The consensus best Legion of Super-Heroes story is "The Great Darkness Saga" of the early 1980s, by Paul Levitz and Keith Giffen. There are many reasons why this is so, but at the moment I want to focus on one that you might not have thought of before.

One of the things that they tell you* is that your language places constraints on the thoughts you can think. Example: in Neal Stephenson's novel Cryptonomicon one of the characters gets addicted to morphine. This doesn't go well for him. At one point one of the other characters starts talking to him about it, trying to help him get a handle on it. I don't have the book in front of me, but what he tells him is something like this: "In English, we would call you a morphine addict. That suggests that your basic nature is as a creature that is addicted to morphine. I prefer how they say it in German, which translates to something like, 'you are morphine-seeky'. The suggestion is that you are still you, but you have the quality of being addicted to morphine."

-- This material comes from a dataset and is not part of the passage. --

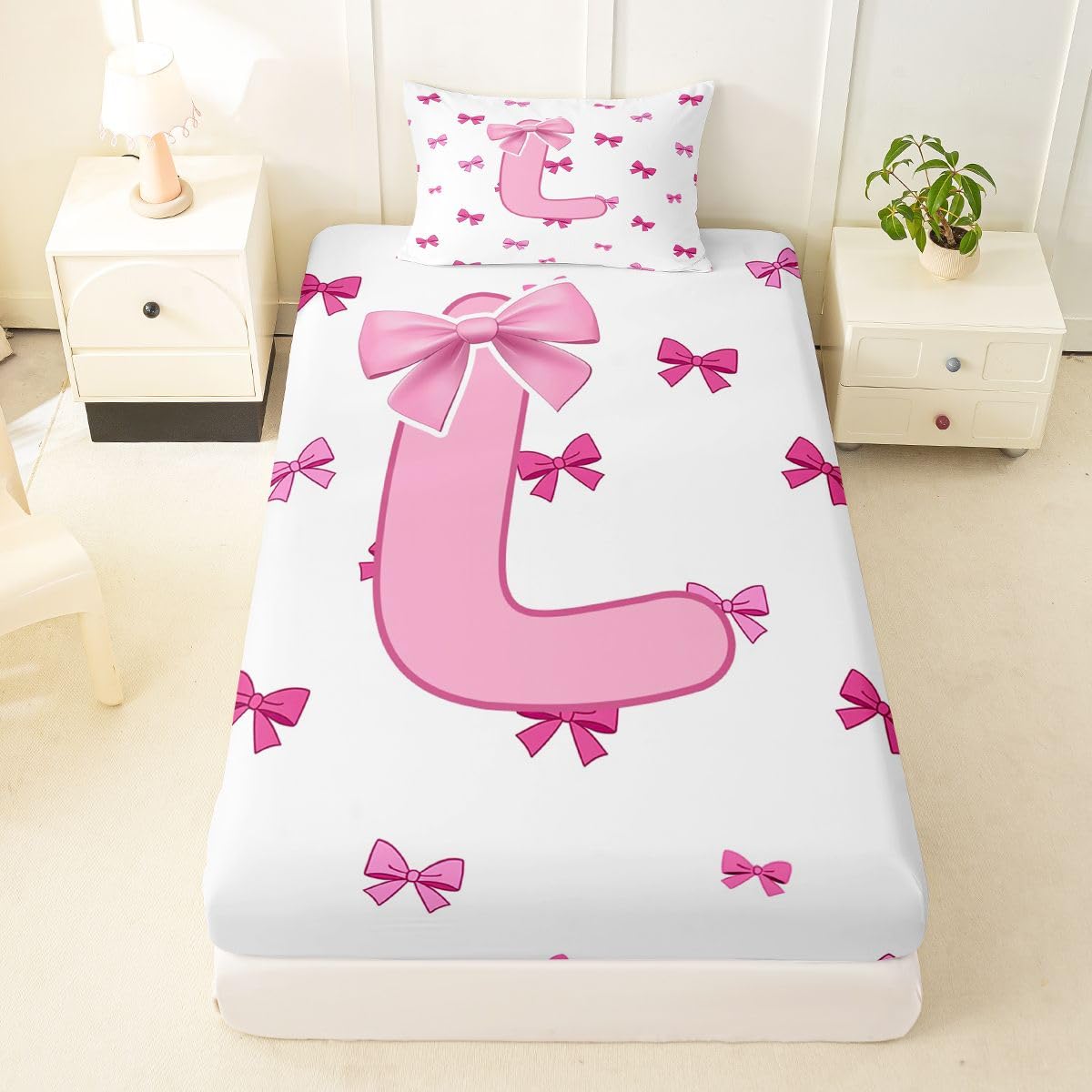 Parure lit simple rose et blanc lettre L pour chambre fille romantique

You get my point? The words and terms that are available to you will influence the course of your thoughts. Here's another example: heat vision. If we were listing superpowers, or if you were designing a superhero, "heat vision" would likely be one of the things that occurred to you as an option. Because you perceive it as a superpower. You have a term for it. But it wasn't always so: look at the early Superman stories and he talks about melting things with "the heat of my X-ray vision". X-ray vision was a superpower; heat vision wasn't even a thing.

Back to the Legion. When you are considering which are the good stories and which are the less good stories, your list will be influenced--determined!--by which stories you can identify as distinct stories, based on which ones have names. And, for the longest time, comic-book stories didn't really have names, mostly. Each individual issue would have its title, but nobody paid much attention to them usually. But multi-issue stories tended not to have names that stuck. This persists today, to some extent, although the titles given to trade paperback collections have some prominence.

Anyway, "The Great Darkness Saga" has a great name, that was used prominently on the covers of the original comics. People who read it got into the habit of thinking of it as a single unit, because they had a term that they could apply to it. So when they were thinking of great Legion stories, or, really, great comics stories in general, it was easy for them to come up with "The Great Darkness Saga".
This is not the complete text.